## DESCRIPTION OF THE TASK
Starting with the line that contains "Washable Air Filter, Aluminum", copy every line through the end of the listing, exactly and only those. No pictures should appear in the copy.

## PROVIDED DATA
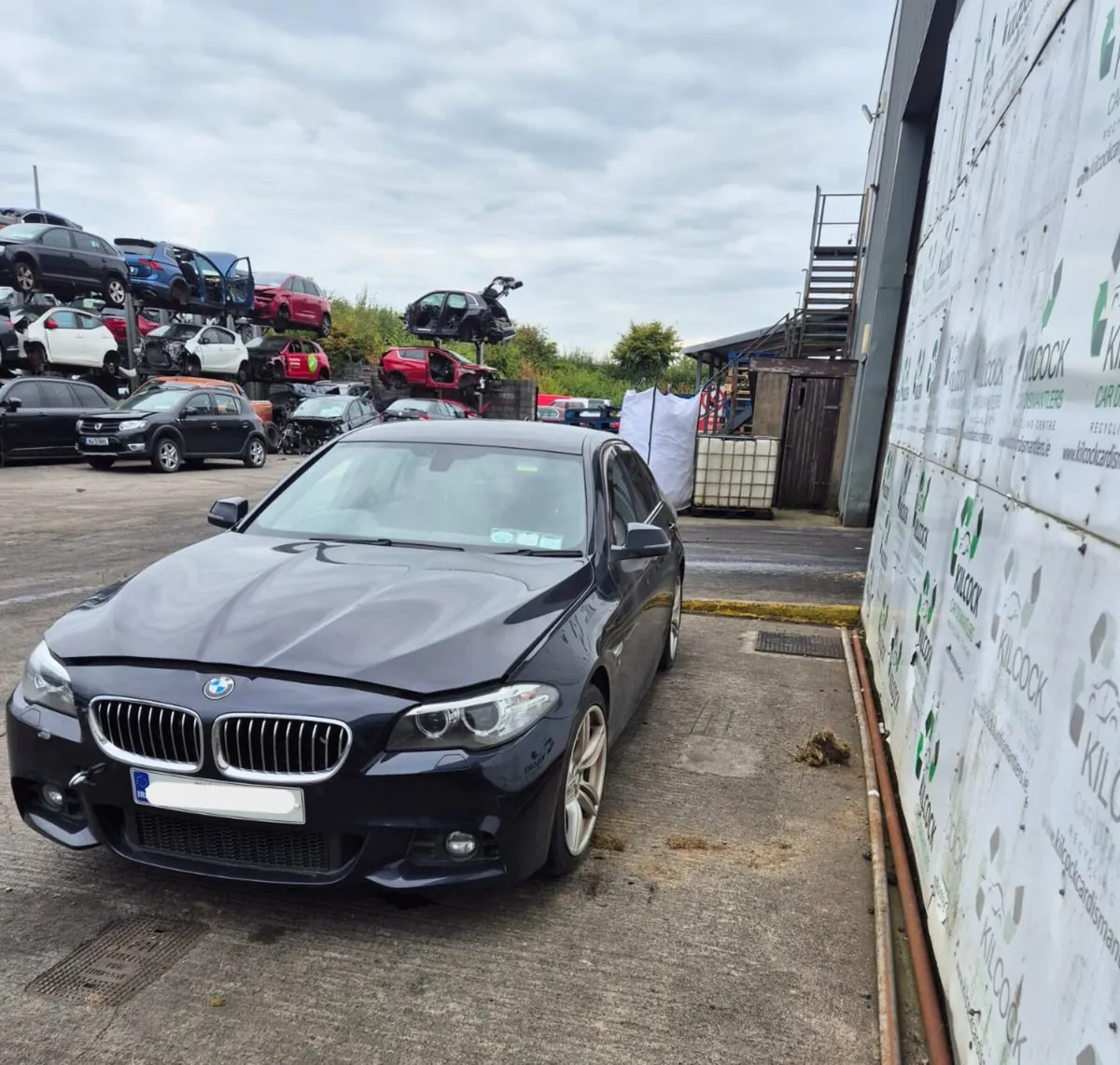 2017 BMW F10 - Image 2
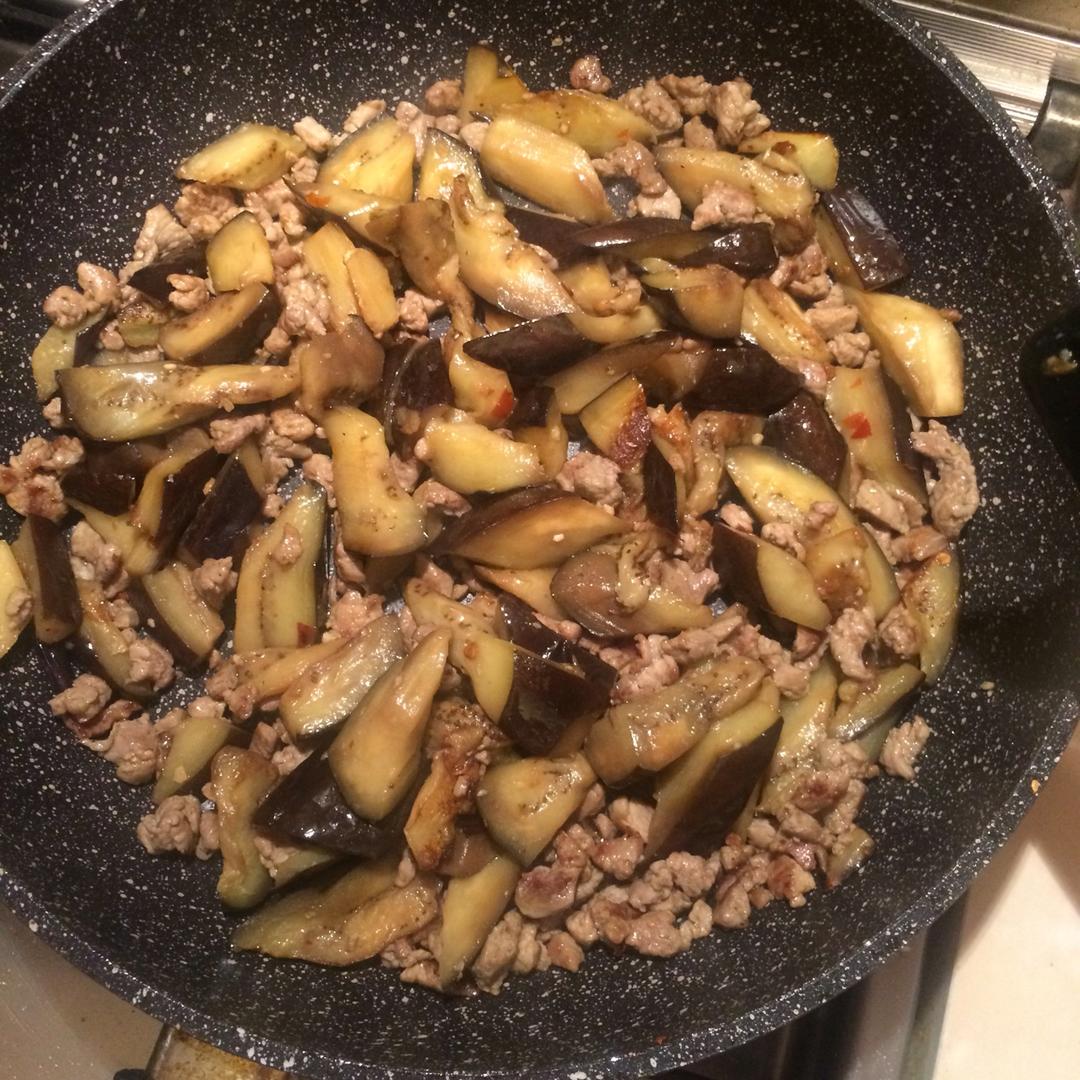 超下饭的肉末茄子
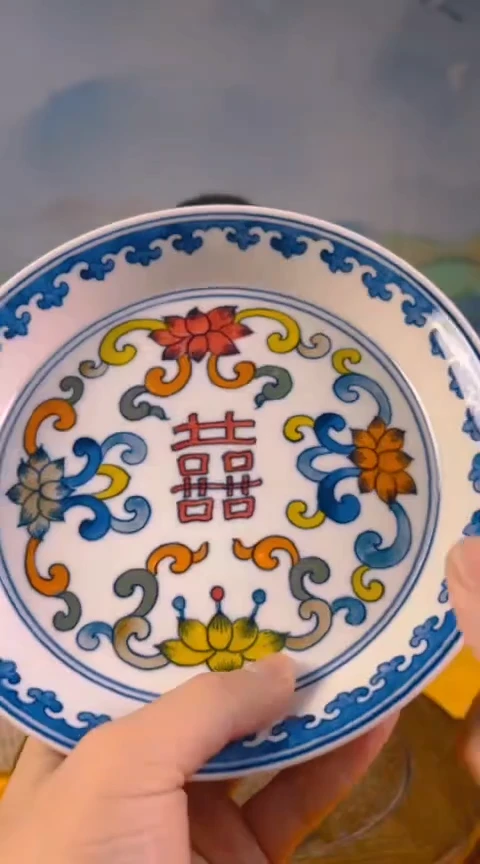 摆件景德镇陶瓷青花摆件101
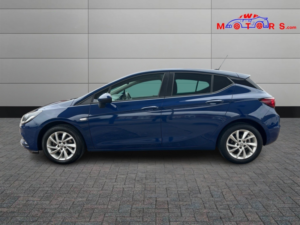 2019 Vauxhall Astra 1.0 I Turbo Ecotec Tech Line Nav in Blue — image 4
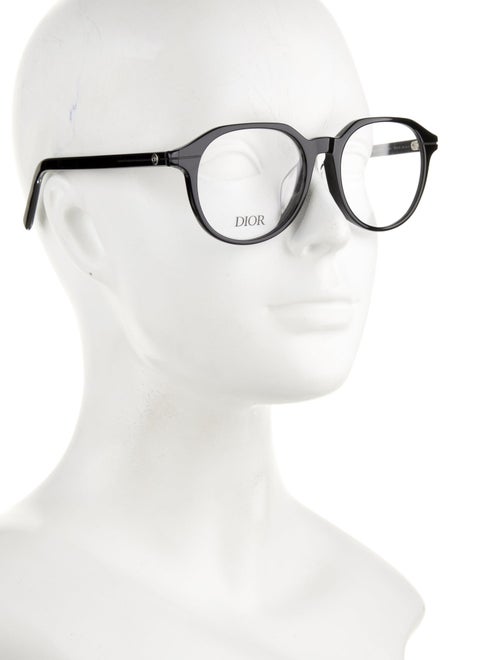 DIOR MEN Round Eyeglasses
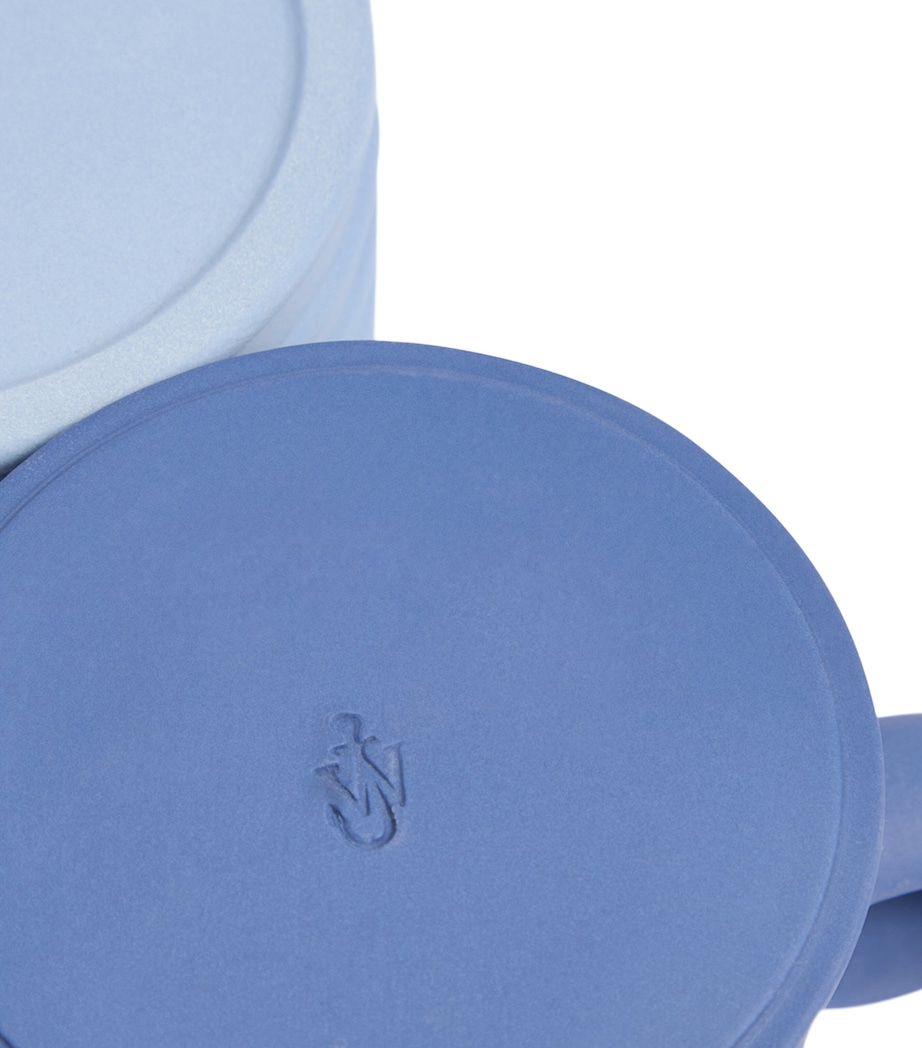 Set of 2 x JW Anderson Mugs (250ml) BLUE Image 6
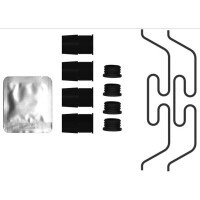 Brake Caliper Accessory Kit 11 pcs. HELLA for e.g. LAND...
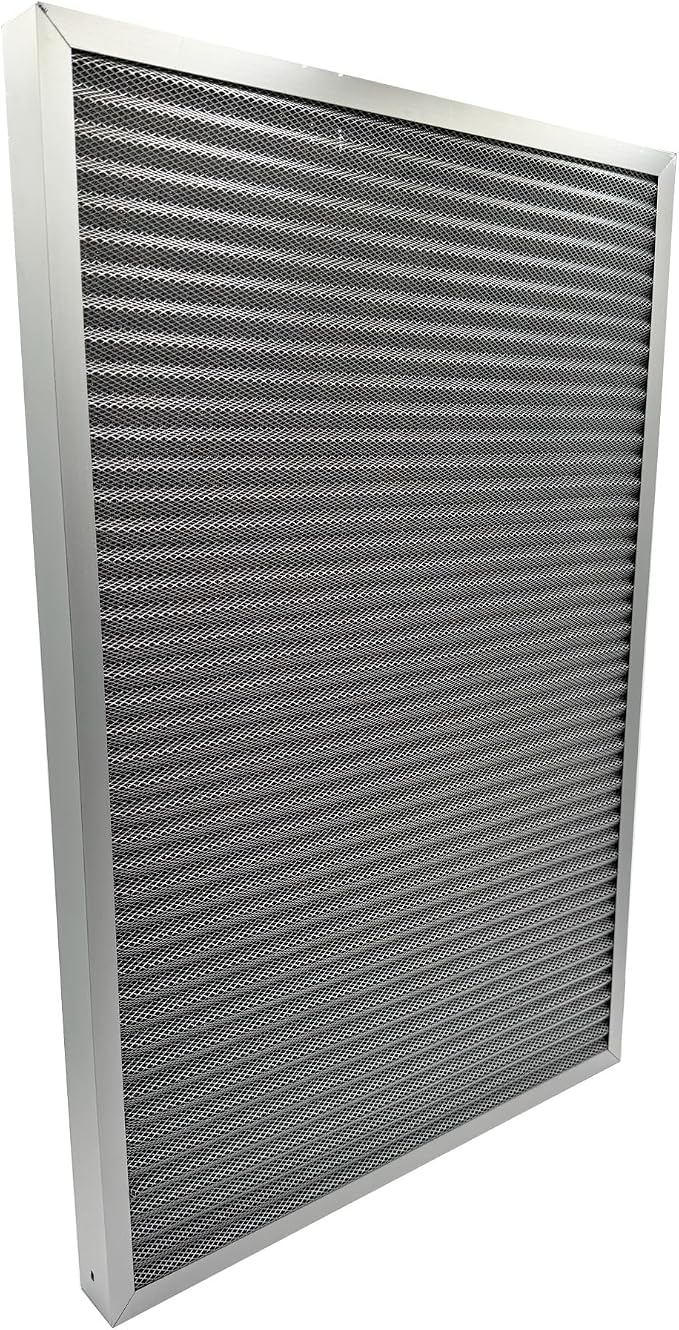 Washable Air Filter, Aluminum Electrostatic Air Filter - Image 5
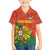 Custom Portugal Football Kid Hawaiian Shirt Sporty Style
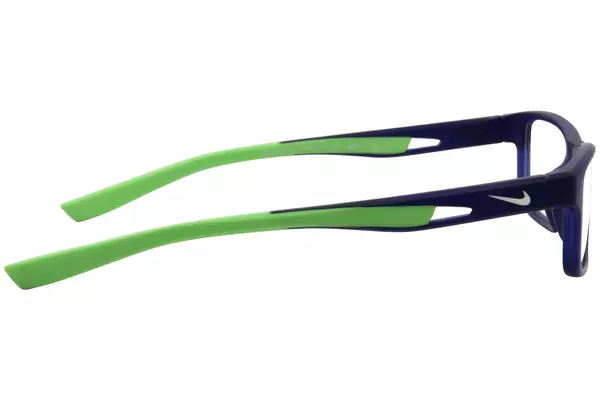  Nike 5102 Eyeglasses Youth Kids Boy's Full Rim Rectangle Shape 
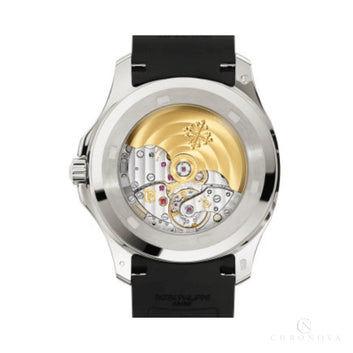 Patek Philippe | Aquanaut Black Dial - Free & Fast UAE Shipping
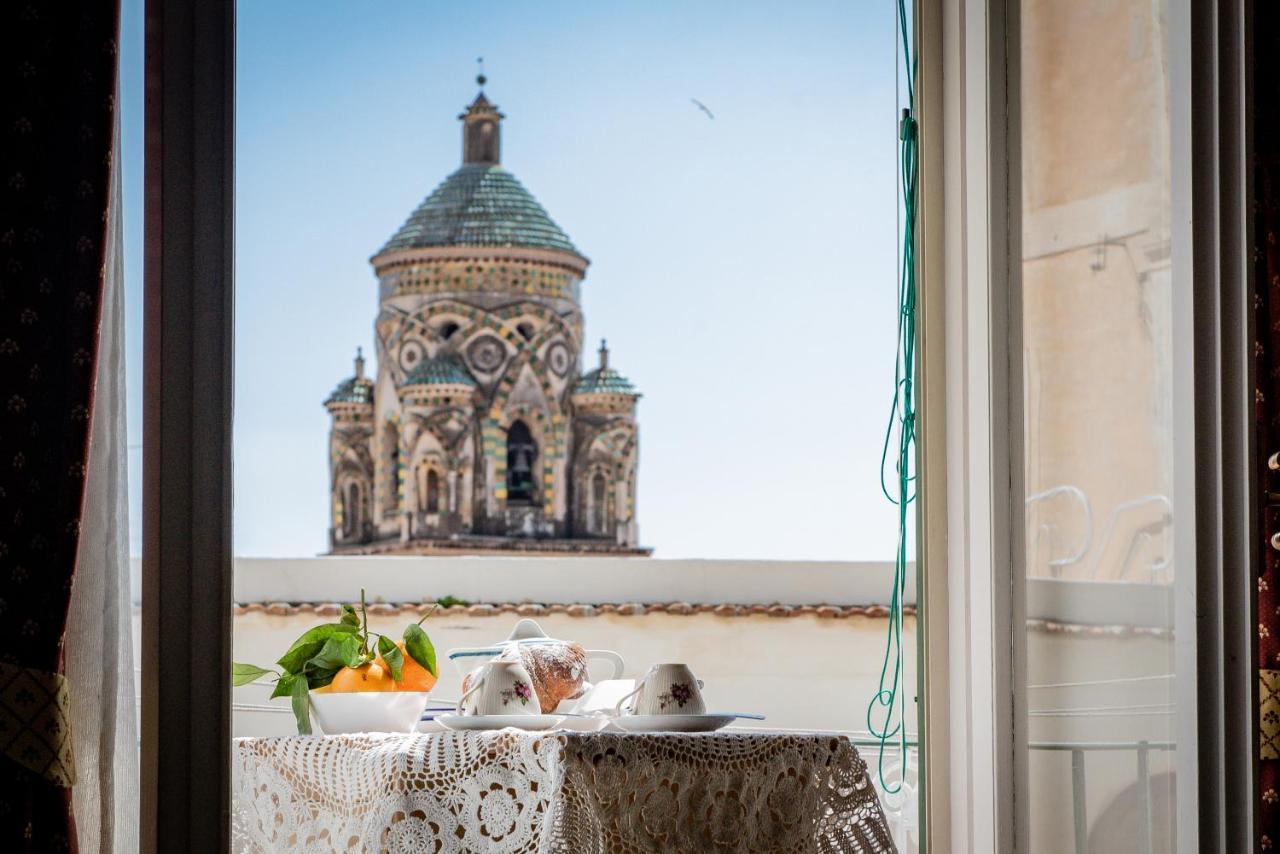 Amalpha Domus 100 Sqm Apt With Ac Wifi And Balcony Amalfi Buitenkant foto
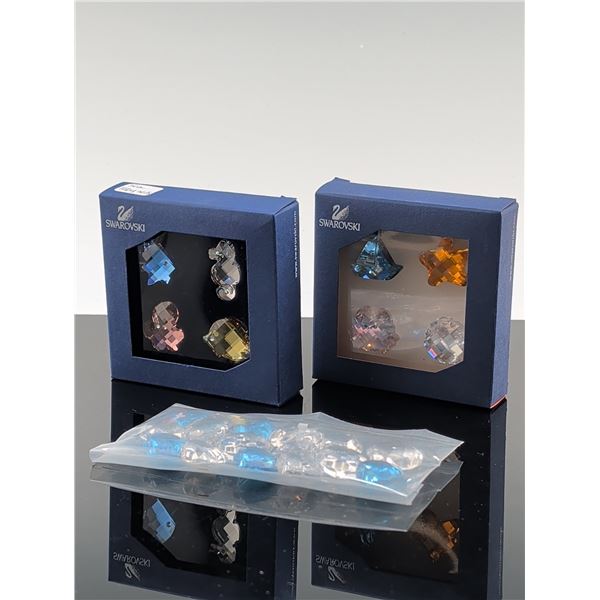 3pc Swarovski Crystal Magnets and Marine Collection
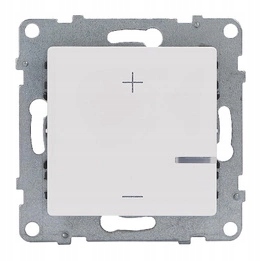 Led tlačidlový stmievač 125 Va Legrand 721178A biely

## SOLVED PROBLEM
 Washable Air Filter, Aluminum Electrostatic Air Filter - Image 5
 Custom Portugal Football Kid Hawaiian Shirt Sporty Style
  Nike 5102 Eyeglasses Youth Kids Boy's Full Rim Rectangle Shape 
 Patek Philippe | Aquanaut Black Dial - Free & Fast UAE Shipping
 Amalpha Domus 100 Sqm Apt With Ac Wifi And Balcony Amalfi Buitenkant foto
 3pc Swarovski Crystal Magnets and Marine Collection
 Led tlačidlový stmievač 125 Va Legrand 721178A biely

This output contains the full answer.